As I reflect on my personal experiences and observations of student development and student development theory as it applies to Christian education, I find our practice of it severely lacking. While I do agree with current movements and secular theorists that the entire educational environment contributes to the student’s education, I would say that a Christian educational institution should also concern itself with Spiritual Formation and the spiritual development of the student (of course, I would argue that the entire curriculum should work toward this aim as well).

We talk about this a great deal, and schools dedicate entire departments and degrees to such (see Biola University, Wheaton College, and Fuller Theological Seminary, to name three). Unfortunately, these usually boil down to mandatory chapels and quiet times interspersed through the semester. That little-to-no research exists in spiritual formation as student development exists indicates that Christian educators and scholars have not recognized the need to take seriously the art and science of shaping the spiritual growth and development of students in Christian education. We then wonder why our seminary-trained pastors remain out of touch with their congregations, unable to communicate the wonders of the word to the world. We gape in amazement (and a bit of condemnation) at our pastors who spend years studying the word but then indulge in inappropriate behaviors when the pressures of ministry bring deeply buried sins to the surface.

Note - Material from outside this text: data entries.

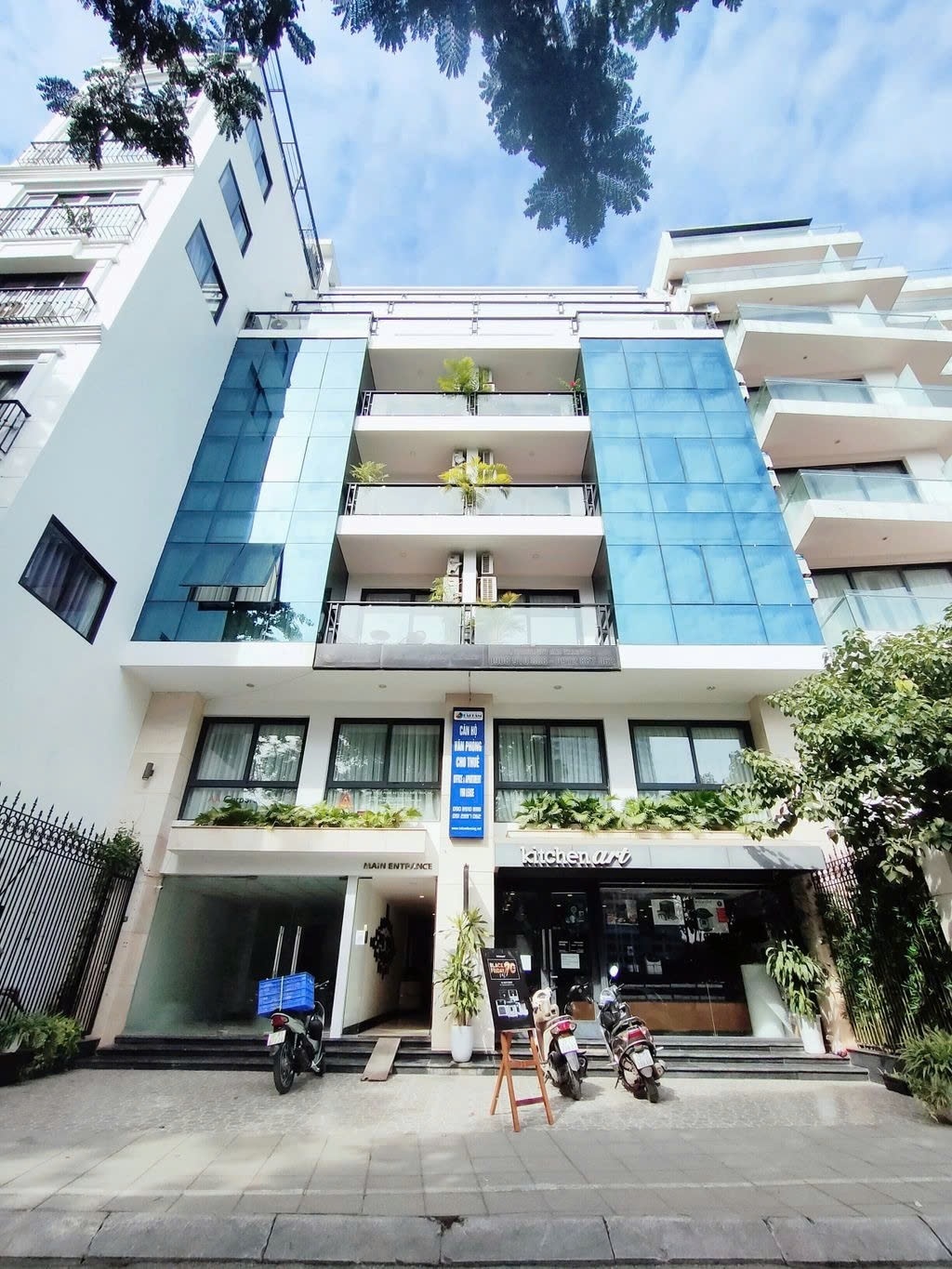 Phòng trọ PTC House Phạm Huy Thông - Ba Đình - Toàn cảnh tòa nhà (*)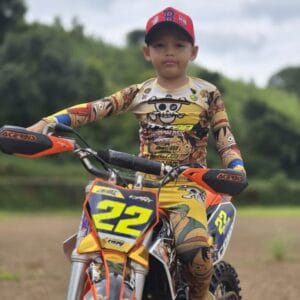 Kegiatan Foto : Gaspol! Crosser Cilik Cijeruk, Muhamad Dylan Ramadhan Siap Guncang Cleosa Series 2026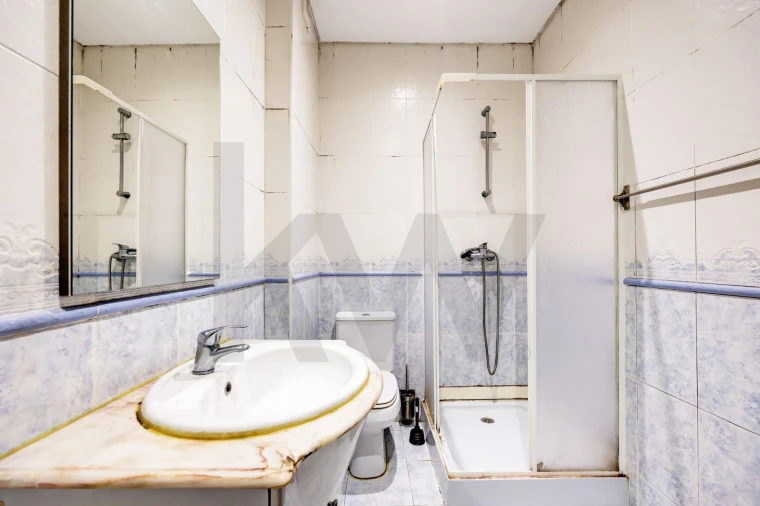 Apartamento T3 para Venda em Caparica e Trafaria Foto 17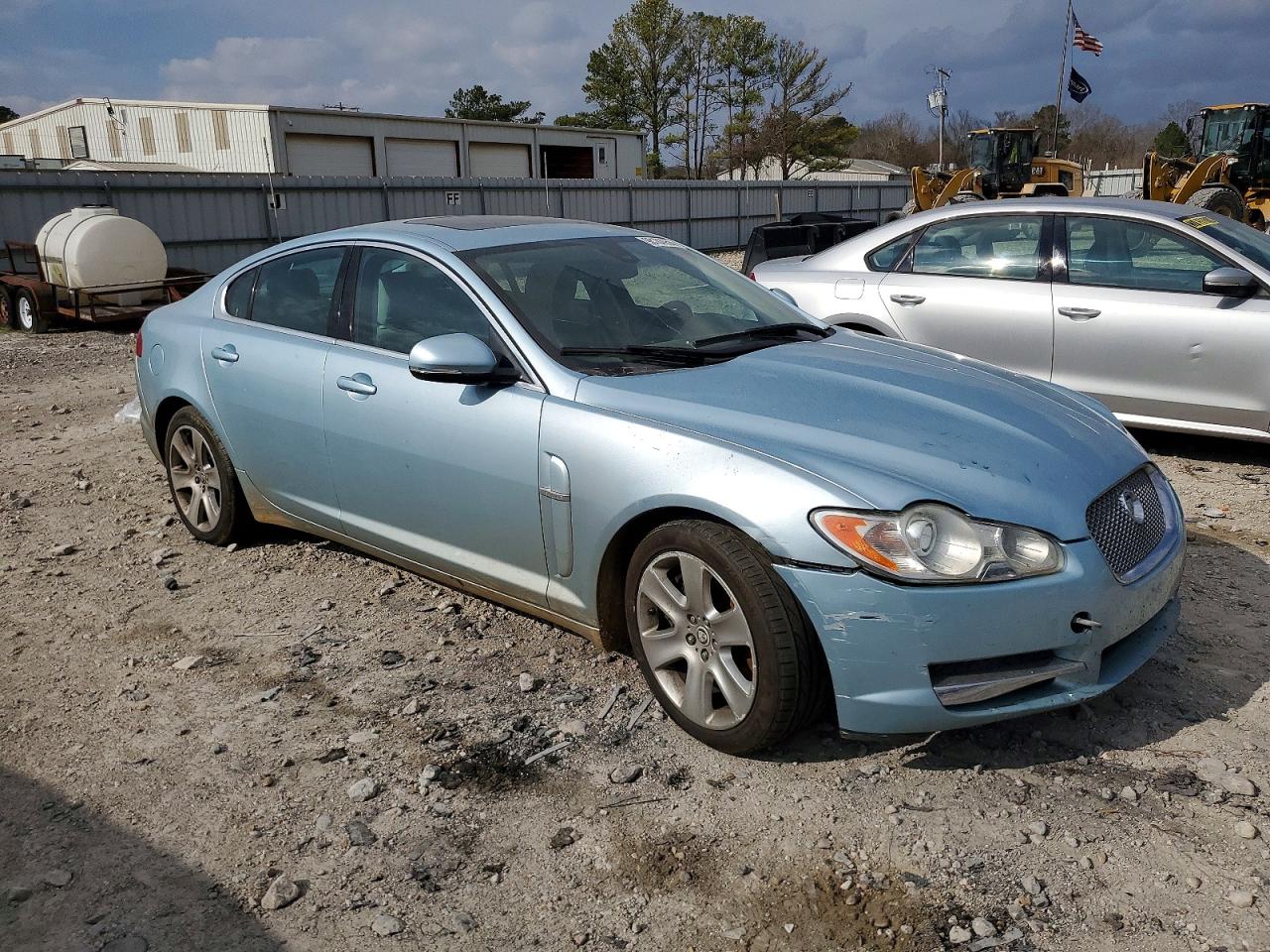 2011 JAGUAR XF photo 4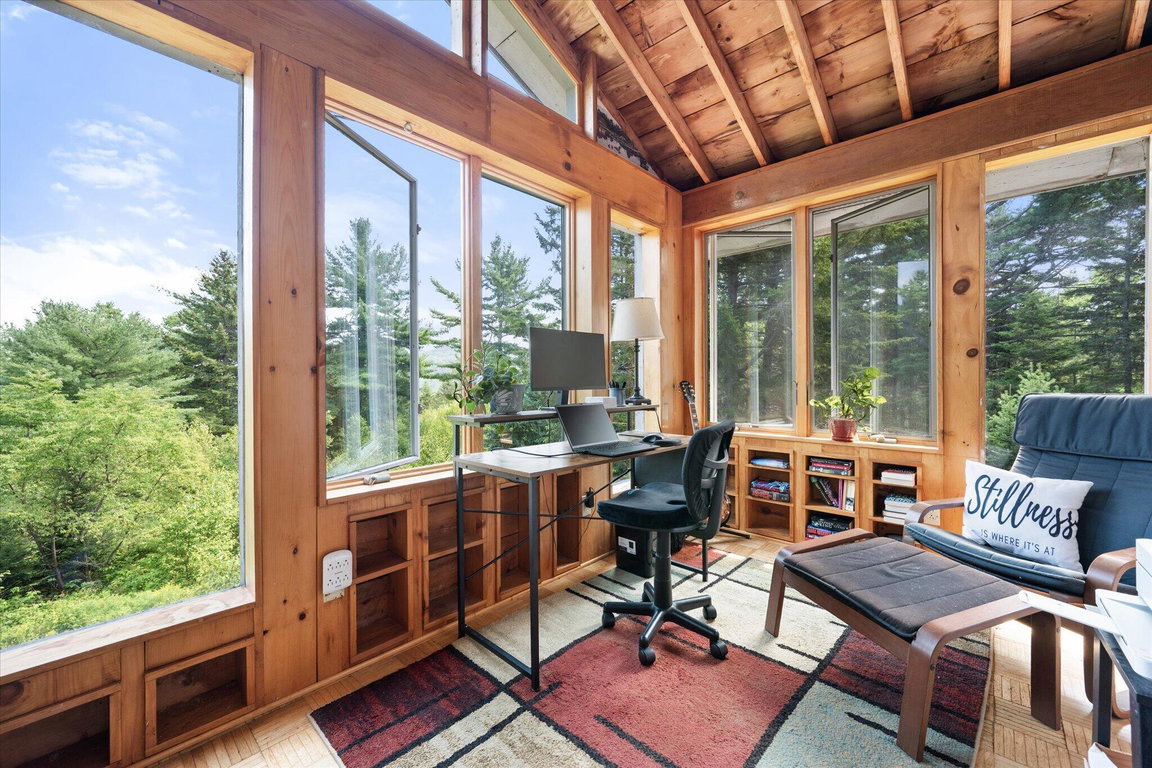 35-Sitting Room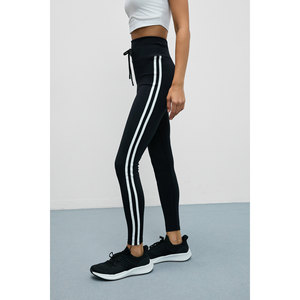 Leggings Urban Beat NORGIA para Mujer, Suaves, Elásticos, con Textura y Ribete en Contraste, con Cordón Ajustable - Product Image 3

We stare in astonishment at our students who go through years of Christian schooling only to live lives we find contrary to our values and practices.

I do not hold institutions responsible for the sins of others, but I do suggest that we need think through the training and formation we practice in Christian education. I think we need to start by engaging in serious conversation, deep evaluation, and contemplative study guided by historical practice, current social science research, solid theological guidance and careful biblical exposition. Some have begun, but we need to do better. We must do better.